== PROBLEM ==
The copy you produce must repeat each record exactly and contain no pictures.

== Short web captions ==
Start of Block
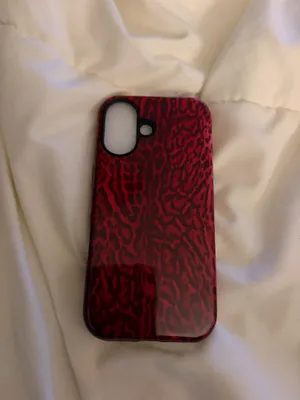 iPhone 17 Case Red thumbnail 2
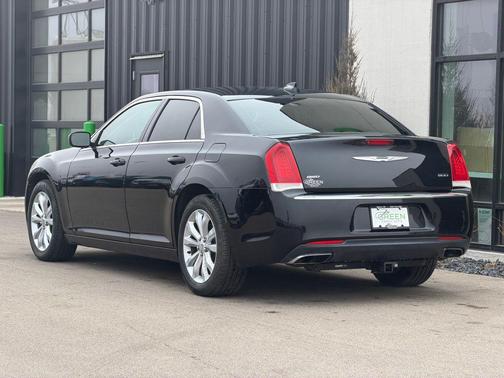 2015 Chrysler 300 Limited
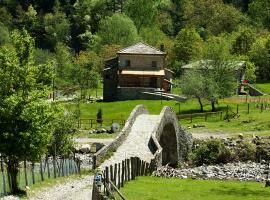 Agriturismo Mulino Marghen - Restored WaterMill - Retreat Center，位于Zeri的住宿加早餐旅馆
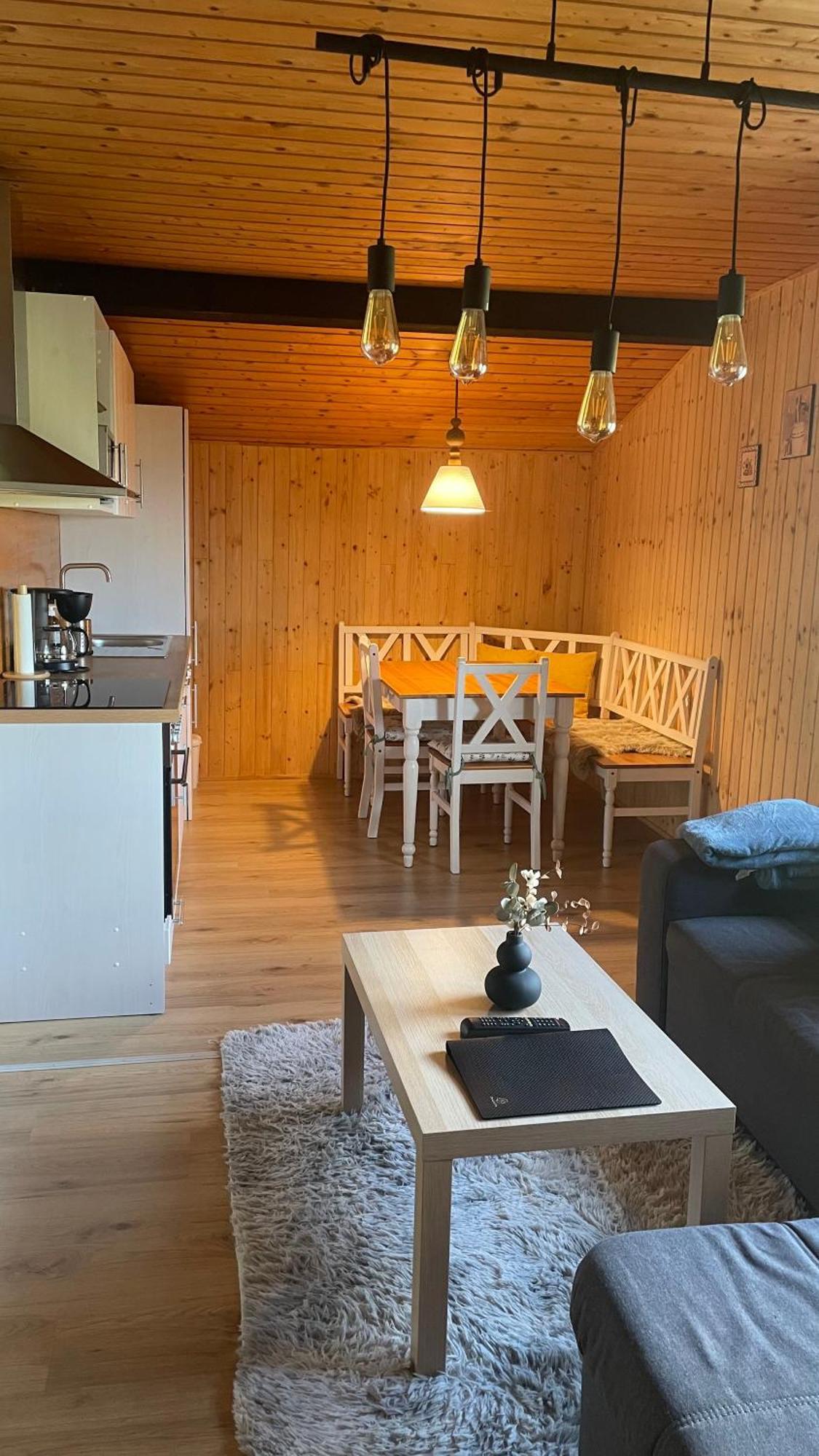 Weixl Schi&Bike Appartements-Bike In&Bike Out Neben Wexl Trails Bikepark Sankt Corona am Wechsel Esterno foto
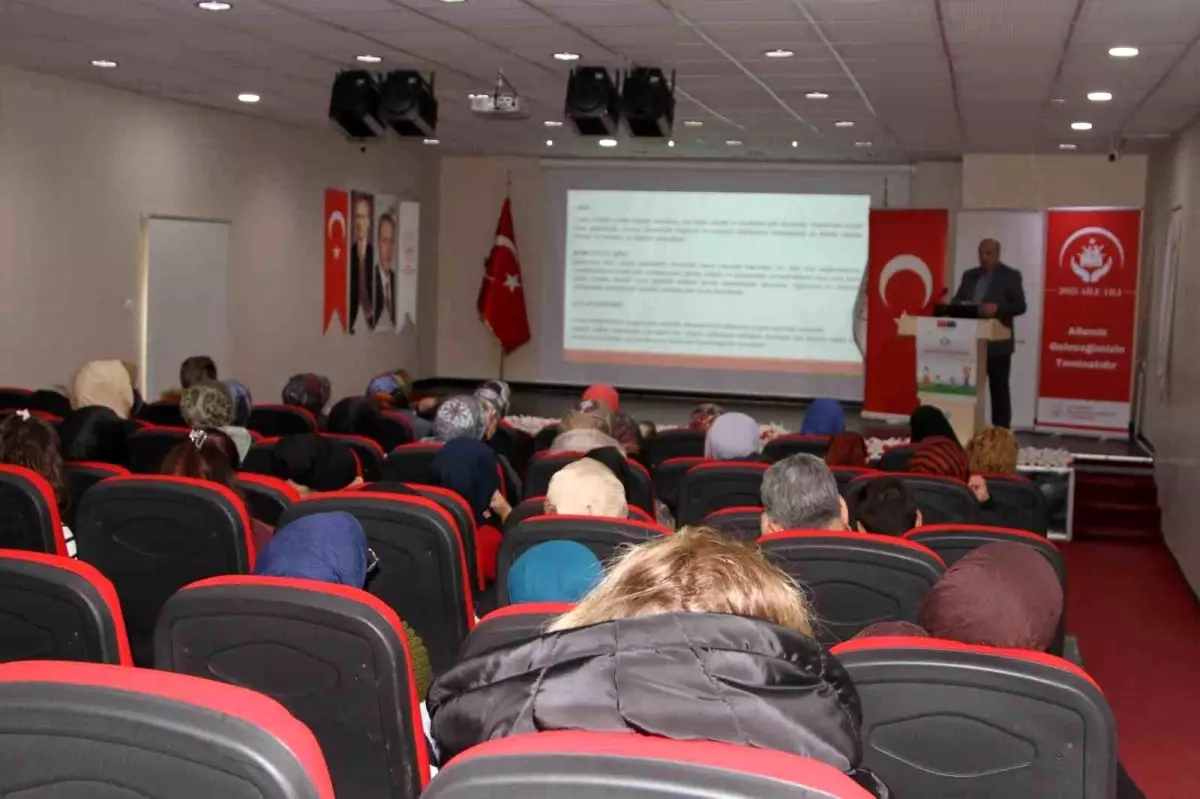 Aile Yılı Söyleşileri: Şiddetsiz Otorite ve Koruyucu Aile Üzerine Konuşuldu
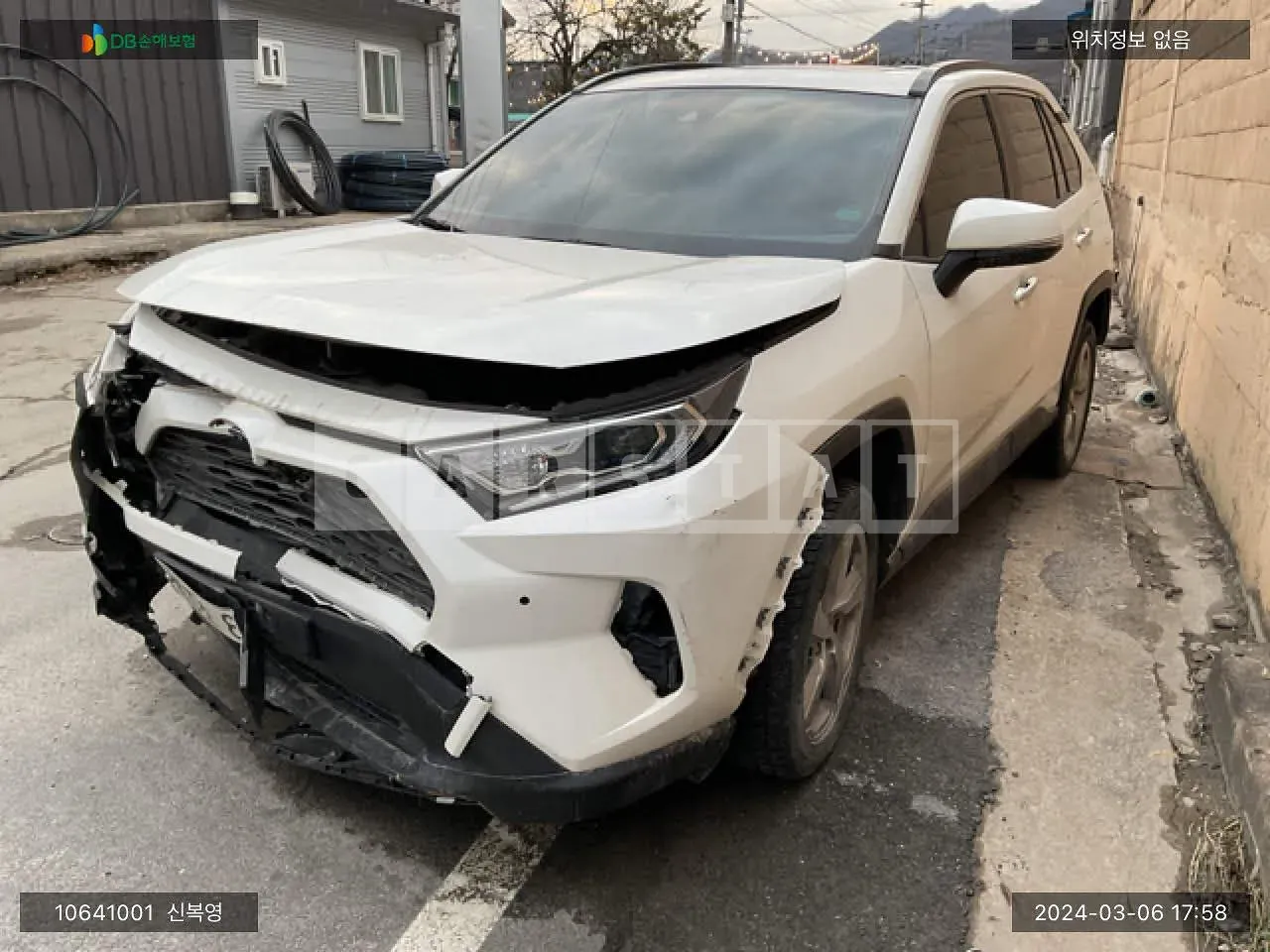 Photo 2 of 22: 2019 Toyota Lave 4 Hybrid AWD, VIN JTMDWRFV7KD025075 — Korean insurance auction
End of Block
== TASK RESULT ==
 iPhone 17 Case Red thumbnail 2
 2015 Chrysler 300 Limited
 Agriturismo Mulino Marghen - Restored WaterMill - Retreat Center，位于Zeri的住宿加早餐旅馆
 Weixl Schi&Bike Appartements-Bike In&Bike Out Neben Wexl Trails Bikepark Sankt Corona am Wechsel Esterno foto
 Aile Yılı Söyleşileri: Şiddetsiz Otorite ve Koruyucu Aile Üzerine Konuşuldu
 Photo 2 of 22: 2019 Toyota Lave 4 Hybrid AWD, VIN JTMDWRFV7KD025075 — Korean insurance auction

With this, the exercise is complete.